Interview - Abbey Road is number one again, The Beatles are back at the top of the charts and the author who, perhaps, knows more about the band's final glorious but troubled year is coming to Harrogate this weekend.
Fans heading to the Crown Hotel this Sunday afternoon for Music in the 60s and 70s at the Raworths Literature Festival will see a discussion with three terrific music writers, including Tom Doyle and Stuart Cosgrove.
But it's Ken McNab who will be the big draw for followers of the Fab Four.
The Scottish writer's new book, And in the End: The Last Days of the Beatles, take a deep dive into the story of the world's greatest band month by month in 1969, the final year before they split up.
Rather than telling the same old stories, McNab has taken the same dedication to uncovering new information shown by fellow Beatles expert Mark Lewisohn in his definitive 2013 book Tune In: The Beatles: All These Years Vol 1.
Ken said: "The problem with the story of The Beatles is the story becomes myth, then the myth becomes legend.
"The idea was to track down as many people still alive who were in the band's orbit at the time.
"I've put in the hard yards for the book.
"When you talk to people and scrape below the surface, that's when the diamonds emerge."
A big Beatles fan, himself, McNab's previous book in 2002, The Beatles in Scotland, saw him determined to interview at least one eye witness of every show the group played north of the border between 1960 and 1965.
McNab said: "I took the same approach to this book as my first book. You had to go to the ordinary people and talk to them.
"1969 really was a tumultuous year for The Beatles.
"It's a story in three acts - the music, which was still great; business difficulties at Apple which brought in Allan Klein who was a divisive figure; and Northern Songs, their publishing company.
"The last stand between Lennon and McCartney as a unit was their battle to retain copyright of their own songs and it was a battle they lost.

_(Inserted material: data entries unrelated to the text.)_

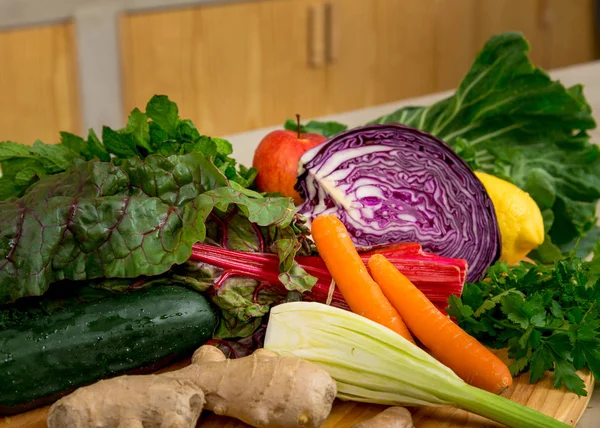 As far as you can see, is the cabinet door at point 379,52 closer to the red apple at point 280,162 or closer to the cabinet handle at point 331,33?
the cabinet handle at point 331,33

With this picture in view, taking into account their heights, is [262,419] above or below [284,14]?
below

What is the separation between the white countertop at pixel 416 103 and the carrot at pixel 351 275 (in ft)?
1.03

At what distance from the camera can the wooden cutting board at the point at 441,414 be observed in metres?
1.30

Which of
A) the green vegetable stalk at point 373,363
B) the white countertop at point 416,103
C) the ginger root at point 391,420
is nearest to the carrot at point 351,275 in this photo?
the green vegetable stalk at point 373,363

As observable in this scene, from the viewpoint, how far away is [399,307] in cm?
149

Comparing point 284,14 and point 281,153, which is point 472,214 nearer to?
point 281,153

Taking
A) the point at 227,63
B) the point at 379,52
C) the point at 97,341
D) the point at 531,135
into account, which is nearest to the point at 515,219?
the point at 531,135

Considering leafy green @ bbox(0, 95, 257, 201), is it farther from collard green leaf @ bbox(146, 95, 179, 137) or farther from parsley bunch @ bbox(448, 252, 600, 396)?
parsley bunch @ bbox(448, 252, 600, 396)

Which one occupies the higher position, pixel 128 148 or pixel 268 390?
pixel 128 148

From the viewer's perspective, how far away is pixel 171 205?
149 cm

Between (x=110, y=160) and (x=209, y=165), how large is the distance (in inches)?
11.0

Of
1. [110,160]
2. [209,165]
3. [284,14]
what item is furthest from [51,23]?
[209,165]

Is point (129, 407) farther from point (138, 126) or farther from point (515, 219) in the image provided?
point (515, 219)

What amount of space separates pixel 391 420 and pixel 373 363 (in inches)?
4.4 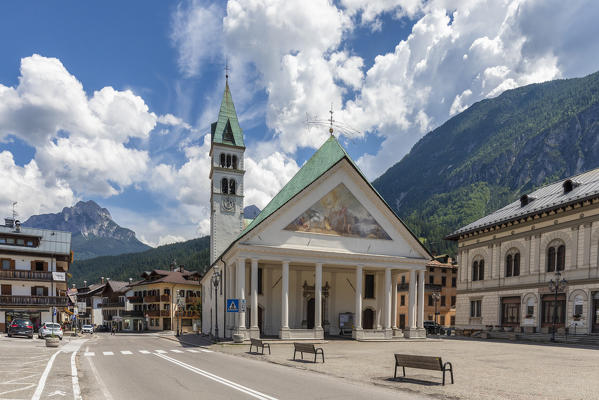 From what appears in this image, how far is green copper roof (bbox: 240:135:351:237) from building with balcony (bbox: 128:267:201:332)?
4047 centimetres

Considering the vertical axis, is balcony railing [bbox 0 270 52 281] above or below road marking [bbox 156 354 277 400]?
below

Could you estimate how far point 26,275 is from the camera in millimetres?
54406

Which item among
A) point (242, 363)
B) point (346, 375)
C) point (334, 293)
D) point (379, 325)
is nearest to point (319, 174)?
point (334, 293)

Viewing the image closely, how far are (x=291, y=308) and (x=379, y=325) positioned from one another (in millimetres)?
8828

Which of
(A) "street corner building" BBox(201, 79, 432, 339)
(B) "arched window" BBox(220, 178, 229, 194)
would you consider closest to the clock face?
(B) "arched window" BBox(220, 178, 229, 194)

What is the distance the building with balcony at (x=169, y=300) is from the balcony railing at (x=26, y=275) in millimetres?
23067

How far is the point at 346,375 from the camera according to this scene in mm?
16625

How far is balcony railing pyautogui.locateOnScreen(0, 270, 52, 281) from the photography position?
174 feet

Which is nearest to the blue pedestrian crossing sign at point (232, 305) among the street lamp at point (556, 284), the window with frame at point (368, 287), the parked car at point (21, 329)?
the window with frame at point (368, 287)

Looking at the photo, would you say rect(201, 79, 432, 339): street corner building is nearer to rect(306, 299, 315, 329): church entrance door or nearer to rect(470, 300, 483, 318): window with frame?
rect(306, 299, 315, 329): church entrance door

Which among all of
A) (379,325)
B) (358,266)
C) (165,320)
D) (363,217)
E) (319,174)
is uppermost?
(319,174)

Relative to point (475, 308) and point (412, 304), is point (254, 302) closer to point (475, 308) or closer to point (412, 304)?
point (412, 304)

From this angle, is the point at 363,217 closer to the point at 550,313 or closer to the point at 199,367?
the point at 550,313

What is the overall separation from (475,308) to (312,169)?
24.4 metres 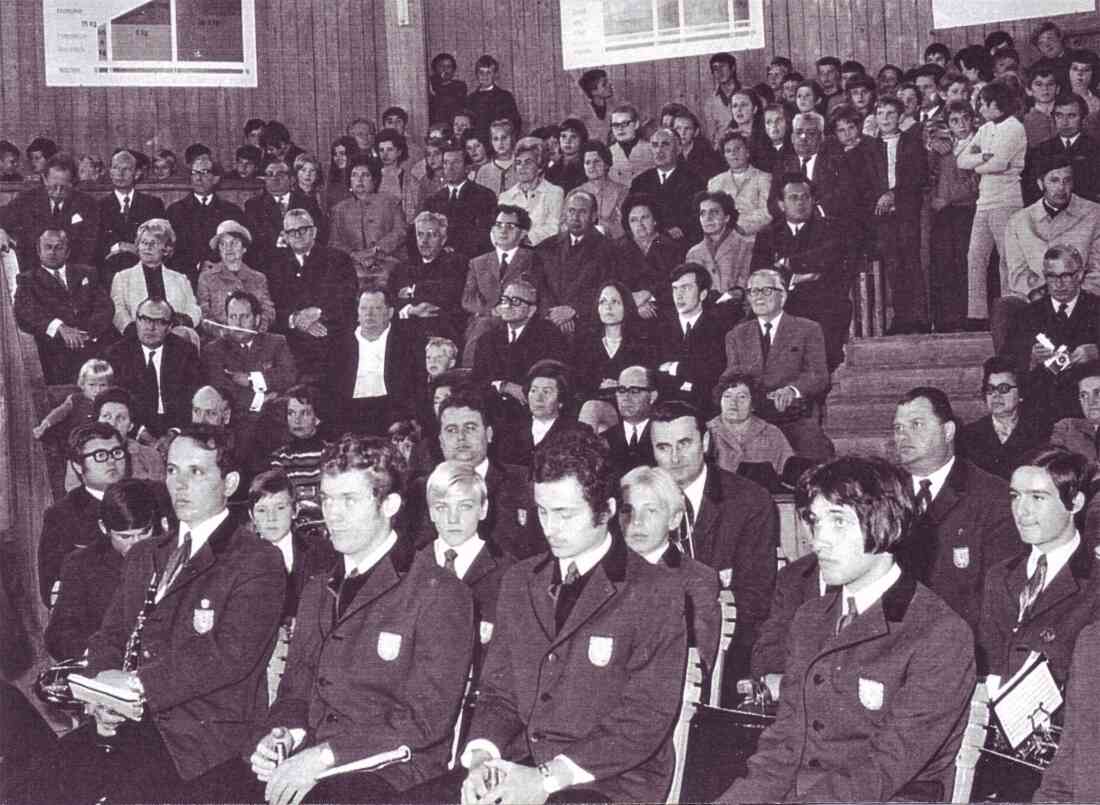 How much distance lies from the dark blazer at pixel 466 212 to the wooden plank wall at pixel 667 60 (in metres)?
2.52

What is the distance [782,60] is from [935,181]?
6.78 ft

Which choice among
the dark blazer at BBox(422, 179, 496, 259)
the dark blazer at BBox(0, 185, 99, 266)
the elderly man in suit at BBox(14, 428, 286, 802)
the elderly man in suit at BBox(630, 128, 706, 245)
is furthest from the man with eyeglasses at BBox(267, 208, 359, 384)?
the elderly man in suit at BBox(14, 428, 286, 802)

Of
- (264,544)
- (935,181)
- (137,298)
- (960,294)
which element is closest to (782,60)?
(935,181)

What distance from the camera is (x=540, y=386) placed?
17.4 ft

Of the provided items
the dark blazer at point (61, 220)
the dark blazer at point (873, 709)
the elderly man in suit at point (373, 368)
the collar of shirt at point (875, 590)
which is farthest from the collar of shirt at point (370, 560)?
the dark blazer at point (61, 220)

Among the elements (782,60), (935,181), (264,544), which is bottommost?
(264,544)

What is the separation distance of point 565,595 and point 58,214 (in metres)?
5.69

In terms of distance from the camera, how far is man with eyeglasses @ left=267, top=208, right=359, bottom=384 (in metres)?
6.82

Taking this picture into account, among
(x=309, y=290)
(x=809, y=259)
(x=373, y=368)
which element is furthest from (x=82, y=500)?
(x=809, y=259)

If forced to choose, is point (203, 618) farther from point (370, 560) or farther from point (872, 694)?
point (872, 694)

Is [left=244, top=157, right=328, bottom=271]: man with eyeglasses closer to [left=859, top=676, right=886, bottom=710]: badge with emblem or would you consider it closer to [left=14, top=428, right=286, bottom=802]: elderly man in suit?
[left=14, top=428, right=286, bottom=802]: elderly man in suit

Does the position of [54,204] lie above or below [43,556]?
above

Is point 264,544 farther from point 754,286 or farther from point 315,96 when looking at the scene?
point 315,96

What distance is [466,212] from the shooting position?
762 centimetres
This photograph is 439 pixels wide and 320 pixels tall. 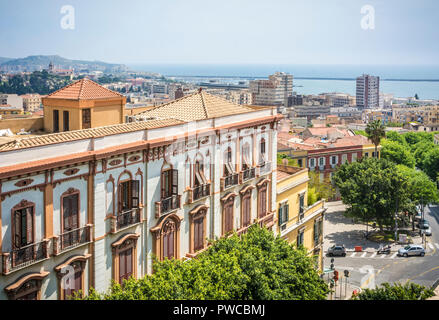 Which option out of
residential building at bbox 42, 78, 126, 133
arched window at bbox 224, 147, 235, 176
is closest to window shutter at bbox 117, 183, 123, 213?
residential building at bbox 42, 78, 126, 133

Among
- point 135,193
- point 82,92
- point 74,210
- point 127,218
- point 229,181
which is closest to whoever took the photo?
point 74,210

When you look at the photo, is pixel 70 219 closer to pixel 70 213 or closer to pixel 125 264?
pixel 70 213

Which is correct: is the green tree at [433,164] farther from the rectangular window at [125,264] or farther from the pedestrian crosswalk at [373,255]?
the rectangular window at [125,264]

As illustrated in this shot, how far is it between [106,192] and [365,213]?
1486 inches

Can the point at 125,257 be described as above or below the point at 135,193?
below

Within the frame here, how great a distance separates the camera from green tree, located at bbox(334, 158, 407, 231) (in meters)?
51.6

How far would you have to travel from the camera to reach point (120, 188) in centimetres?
1964

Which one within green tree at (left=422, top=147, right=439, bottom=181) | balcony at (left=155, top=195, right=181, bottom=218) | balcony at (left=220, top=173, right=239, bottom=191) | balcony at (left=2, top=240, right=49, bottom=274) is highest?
balcony at (left=220, top=173, right=239, bottom=191)

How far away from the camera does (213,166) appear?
24641 mm

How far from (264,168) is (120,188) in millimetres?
10874

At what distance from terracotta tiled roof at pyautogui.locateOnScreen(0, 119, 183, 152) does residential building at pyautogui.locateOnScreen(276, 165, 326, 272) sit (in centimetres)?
1039

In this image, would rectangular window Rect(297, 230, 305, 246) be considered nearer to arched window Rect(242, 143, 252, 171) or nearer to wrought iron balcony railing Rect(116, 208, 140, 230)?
arched window Rect(242, 143, 252, 171)

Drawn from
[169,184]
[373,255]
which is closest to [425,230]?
[373,255] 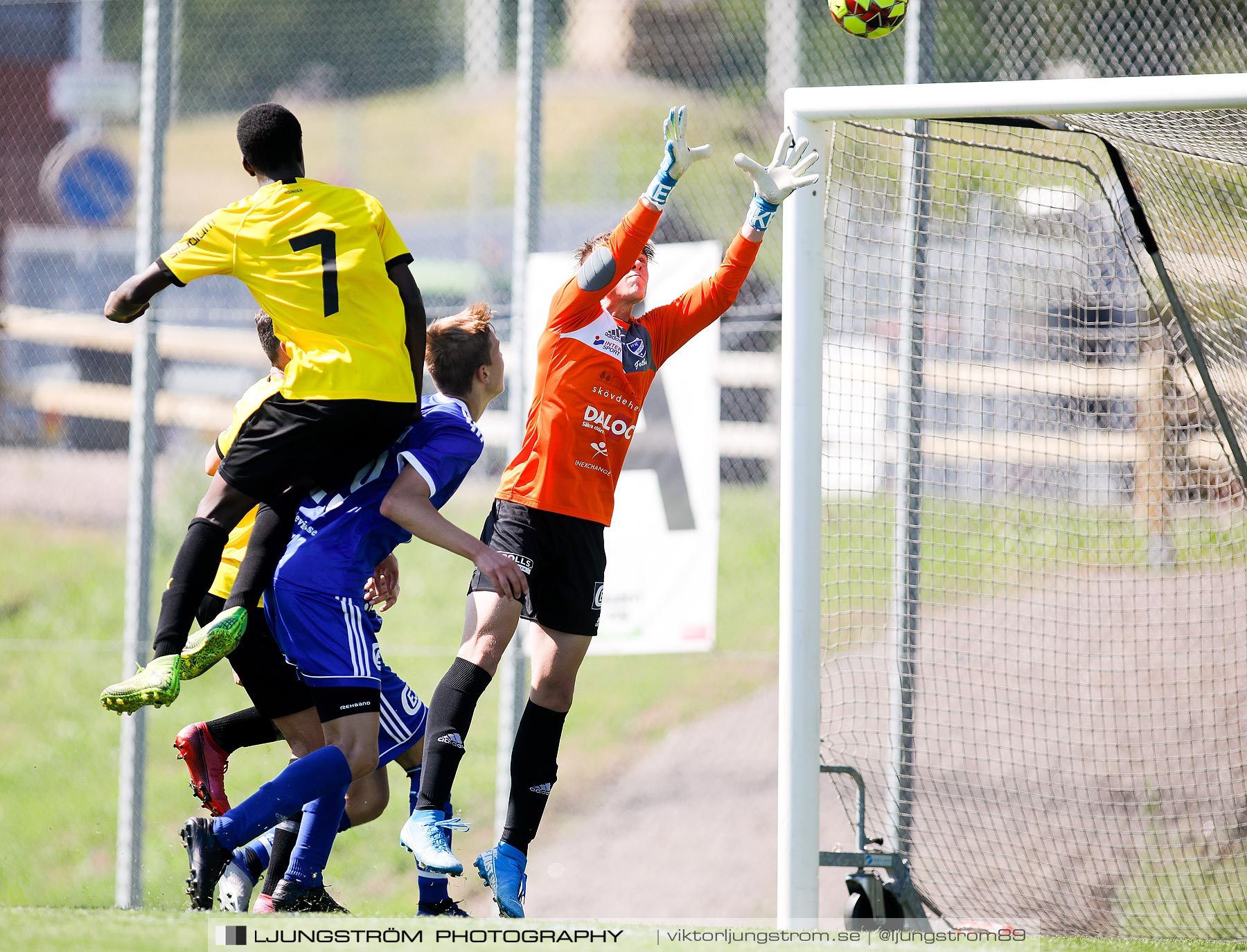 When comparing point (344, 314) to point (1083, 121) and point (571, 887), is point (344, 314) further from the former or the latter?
point (571, 887)

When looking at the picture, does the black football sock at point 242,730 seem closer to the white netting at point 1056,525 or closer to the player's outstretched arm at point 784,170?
the white netting at point 1056,525

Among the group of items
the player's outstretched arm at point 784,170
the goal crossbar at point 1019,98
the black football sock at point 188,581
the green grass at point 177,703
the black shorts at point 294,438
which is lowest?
the green grass at point 177,703

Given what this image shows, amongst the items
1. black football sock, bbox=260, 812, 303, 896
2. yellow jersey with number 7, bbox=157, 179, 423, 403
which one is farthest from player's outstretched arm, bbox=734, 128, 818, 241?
black football sock, bbox=260, 812, 303, 896

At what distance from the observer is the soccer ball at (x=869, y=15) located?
4.61 m

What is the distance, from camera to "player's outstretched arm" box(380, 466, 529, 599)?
13.1ft

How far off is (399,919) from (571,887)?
15.9 ft

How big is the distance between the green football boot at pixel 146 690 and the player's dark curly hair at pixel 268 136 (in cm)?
158

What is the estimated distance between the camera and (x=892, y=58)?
24.5 ft

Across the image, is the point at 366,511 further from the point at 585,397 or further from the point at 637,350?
A: the point at 637,350

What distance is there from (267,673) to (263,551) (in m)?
0.45

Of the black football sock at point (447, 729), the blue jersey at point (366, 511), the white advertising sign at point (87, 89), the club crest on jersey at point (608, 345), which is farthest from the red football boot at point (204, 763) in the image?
the white advertising sign at point (87, 89)

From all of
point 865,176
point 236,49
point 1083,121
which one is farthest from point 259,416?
point 236,49

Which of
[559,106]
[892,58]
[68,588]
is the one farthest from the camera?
[559,106]

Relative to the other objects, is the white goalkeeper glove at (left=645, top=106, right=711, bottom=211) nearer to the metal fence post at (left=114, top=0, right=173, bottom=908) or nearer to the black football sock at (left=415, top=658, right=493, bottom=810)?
the black football sock at (left=415, top=658, right=493, bottom=810)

"Abbey Road was their last love letter to the world."
As to who was to blame for the band splitting up the following year, the writer swerves the usual cliches of Allan Klein or Yoko Ono or heroin or, even Lennon, who told the band in secret in September in 1969, or McCartney, who told the world in public in April 1970.
McNab said: "History always blames McCartney for the break-up but there were so many complications going on in the background.
"John Lennon at that time was like a volcano trapped in ice. His mood swings determined a lot.
"It was time for them to stop anyway.
The band that defined the decade split up at the end of the decade.
It was the right time for them to step off the carousel.
"They bowed out at the peak of their powers."
Having looked at each month of 1969 in forensic detail, I ask McNab if he intends to do the same for 1970 next year when the 50th anniversary of Let It Be comes around.
His answer is blunt.
McNab said: "I enjoyed doing the book and I am still a big fan. of The Beatles."
"I think in that particular decade they did change the world.
"But I am done with The Beatles. My next project is about music but it won't feature them."
Raworths Literature Festival presents Music in the 60s and 70s, The Crown Hotel, Harrogate, Sunday, October 20, 3pm.